Officials in tornado-stricken Oklahoma cities are now dealing with looters who are stealing items ranging from copper wire to jewelry. (Reuters)
Officials in tornado-stricken Oklahoma cities are now dealing with looters who are stealing items ranging from copper wire to jewelry. (Reuters)

By Heide Brandes

OKLAHOMA CITY (Reuters) - Officials in tornado-stricken Oklahoma cities are now dealing with looters who are stealing items ranging from copper wire to jewelry.

Moore police spokesman Jeremy Lewis and Mayor Glenn Lewis said 17 arrests have been made on misdemeanor charges of looting in Moore since the May 20 EF5 tornado hit.

"We are seeing people take everything from copper to pipes to scrap metal to all kinds of electronics," Lewis said. "It's a misdemeanor crime and not a crime we usually have to deal with."

Jon Fisher's home was flattened in the May 20 storm that killed 24 people and his neighborhood has been among those targeted by looters, mostly homes on the edge of damaged areas.

"The houses are still standing and looters are kicking in doors and taking TVs and appliances," Fisher said. "They arrested two guys in my neighborhood the night of the tornado who were carrying out a love seat and couch."

Fisher said his insurance company told him to remove all valuables from his house as fast as possible, particularly items with sentimental value or those not easily replaced.

Moore police also dealt with looters after another massive EF5 tornado struck the city in 1999.

In May, police immediately set up positions and checked identification of people trying to enter locked-down tornado-damaged areas.
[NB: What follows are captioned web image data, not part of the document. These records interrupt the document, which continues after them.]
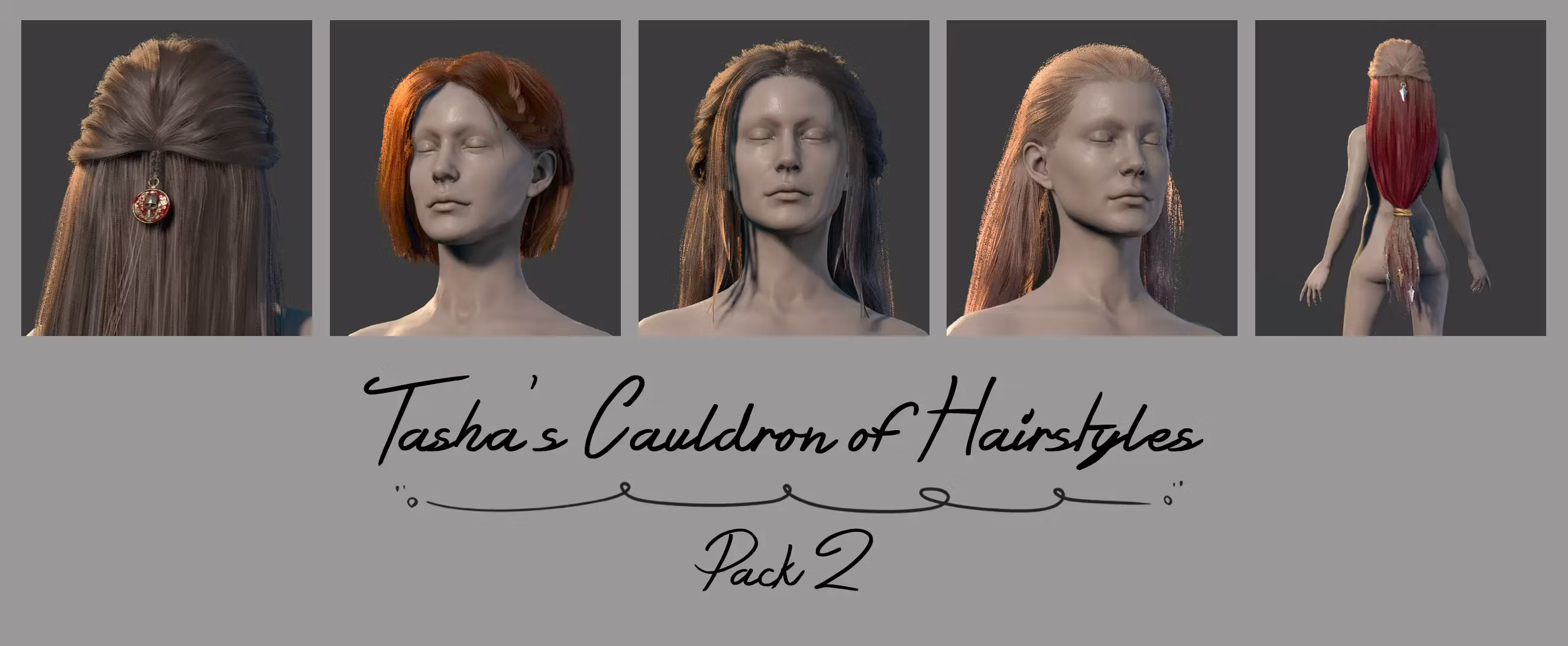 塔莎的发型大锅包第2部分 (Tasha’s Cauldron of Hairstyles Pack 2)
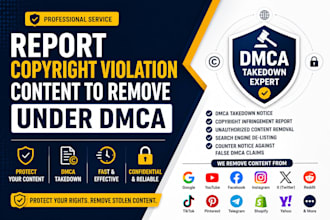report copyright violation content to remove it under dmca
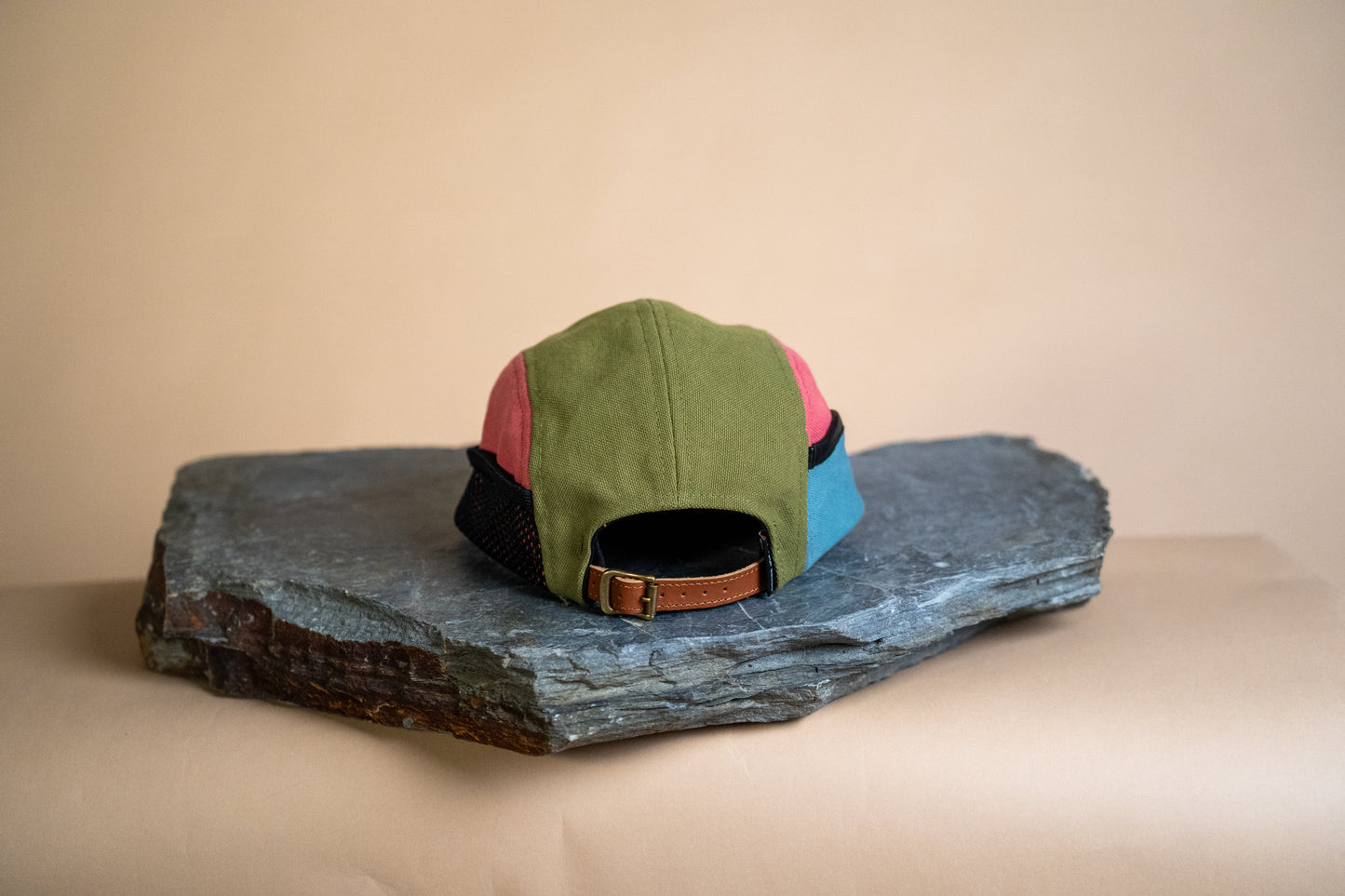 Ridgeline Utility Hat - Leather Multicolour Off-Cut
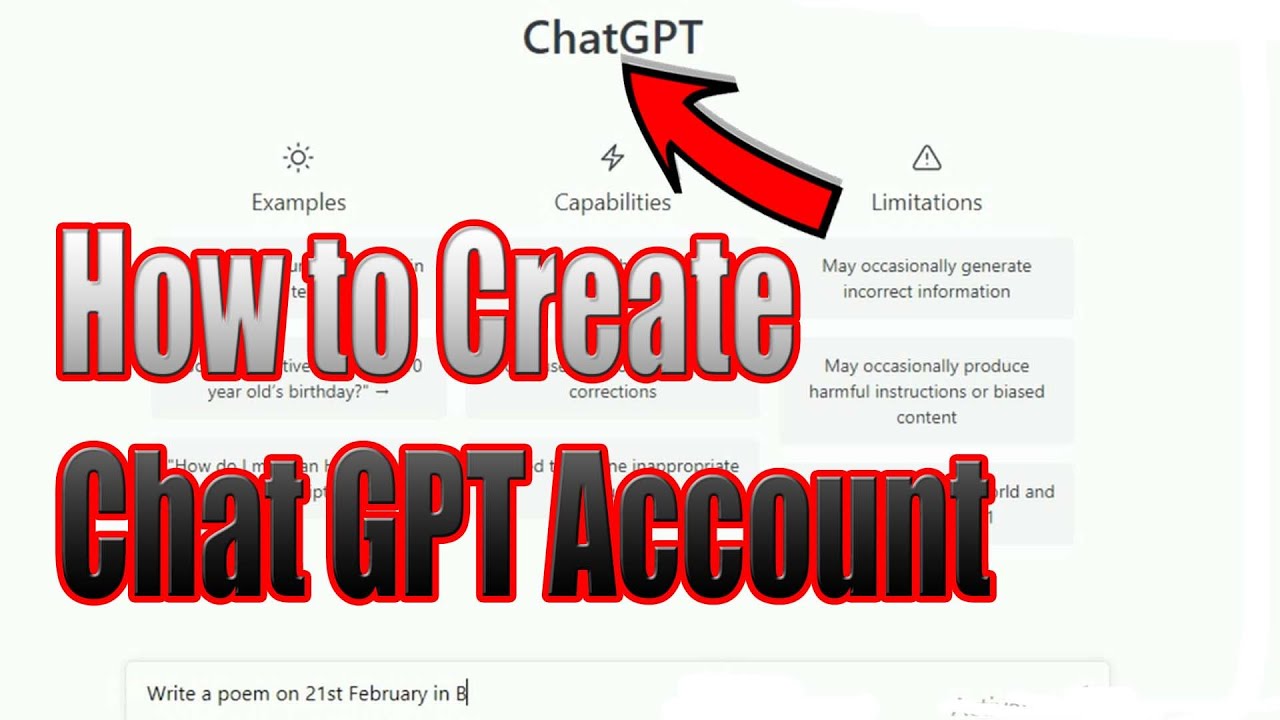 How To Create A Chat GPT Account - How To Open Chat Gpt Account - YouTube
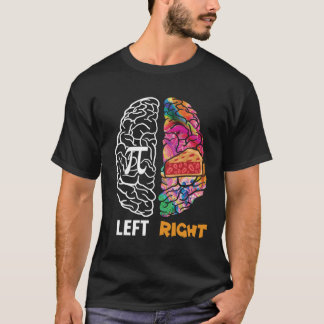 Camiseta Pi 8 del cerebro izquierdo derecho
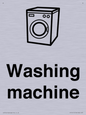 KT14111: Dementia washing machine sign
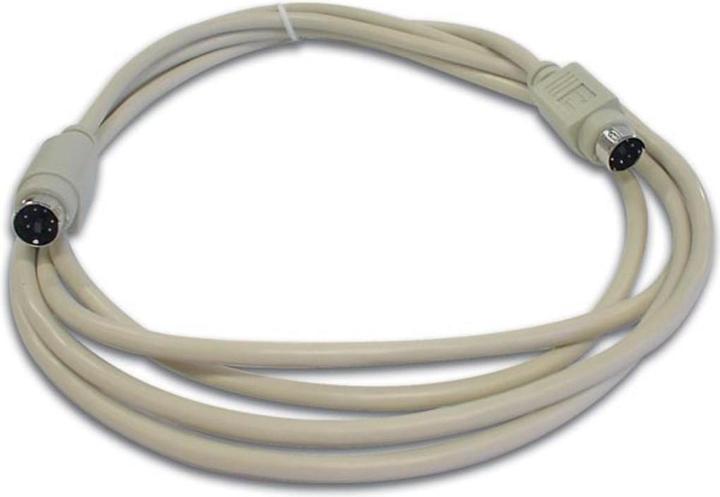 Image du produit Auction CABLE CLAVIER PS/2 MINI-DIN6 MALE - MINI-DIN6 MALE / 2m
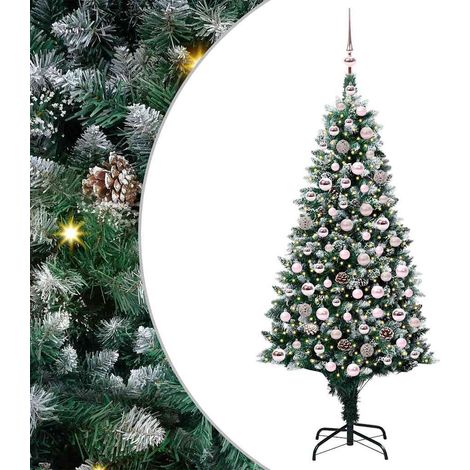 Sapin de Noël artificiel Vert 180 cm PVC, Acier et Plastique vidaXL (1/5)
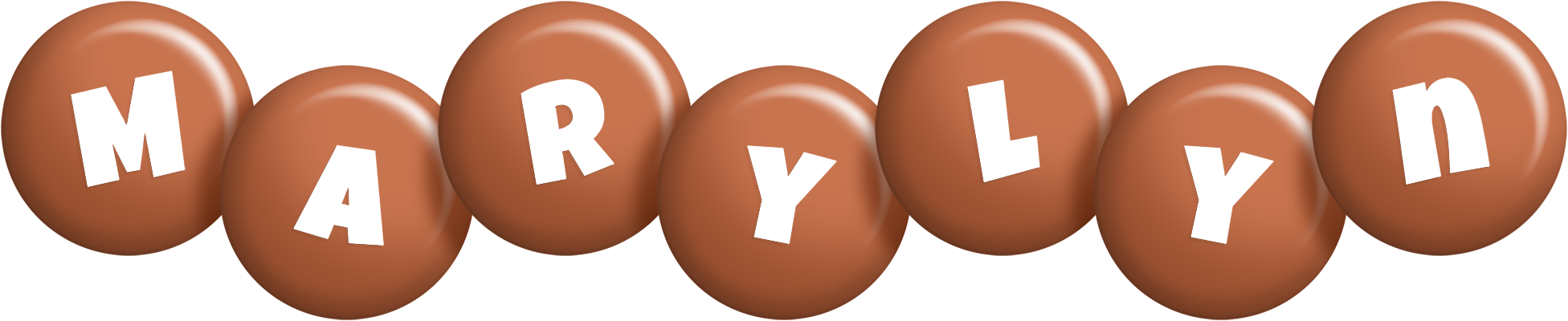 Marylyn candy-brown logo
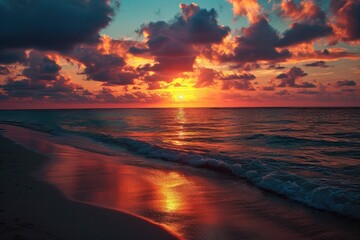 Fototapeta na wymiar Dmire The Sunset'S Breathtaking Hues Photography
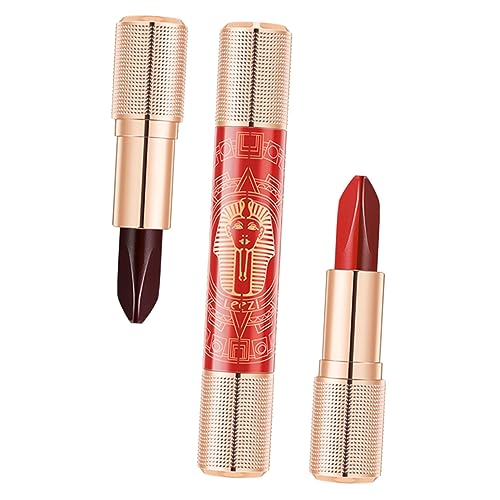 SHERCHPRY 1Stück Tragbarer Lippenstift mit Zwei Enden 6 Farben Langlebig für Frauen Kosmetisches Make Up Zubehör von SHERCHPRY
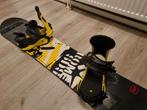 ROME CHEAPTRICK 153 SNOWBOARD + UNION FORCE BINDINGEN MAAT M, Ophalen of Verzenden, Zo goed als nieuw, Board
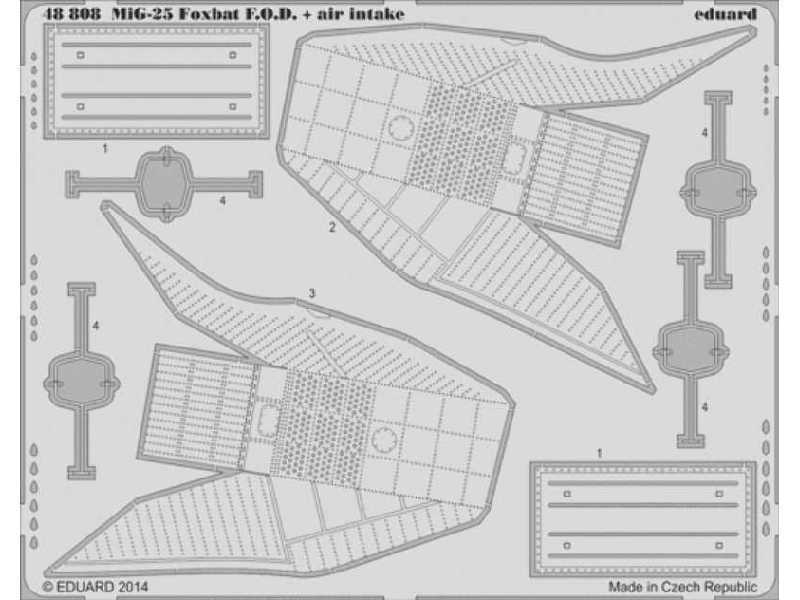 MiG-25 Foxbat air intakes & F. O.D.  1/48 - Kitty Hawk - zdjęcie 1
The Oklahoma Insurance Commission also issued badges to assessors and workers to make them easily identified when working in damaged neighborhoods.

Lewis said authorities have made more arrests this year than after the 1999 tornado, possibly because the 2013 tornado struck a wider area and because police are more attentive.

"It's mostly neighbors who are calling in the crimes to the police and we are catching them," Lewis said.

Three Virginia men - Steven Corky Daniels, 36; Steve Costello, 44 and Justin Wagner, 25 - were among those arrested for looting copper wire and scrap metal in Moore.

Maria Lopez, 30, of Norman, Oklahoma, was charged with disturbing a disaster area on May 30 in Moore after neighbors reported seeing her and her children sort through rubble.

Alleged looters closer to home were also arrested. Moore Police arrested Moore resident Edward Dean McDonald on May 29 on misdemeanor looting charges.

Shawnee police said they have made no looting arrests since a tornado struck that town on May 19.

Moore City Manager Steve Eddy said crime is not as widespread as some may think.

"We learned from the first tornado, and we have officers in that area 24/7," Eddy said. "We have no tolerance for it. We're not going to shoot them on sight or anything, but we will arrest anyone suspected of it."

On May 31, a second EF5 tornado near El Reno, Oklahoma, and severe storms left 21 people dead.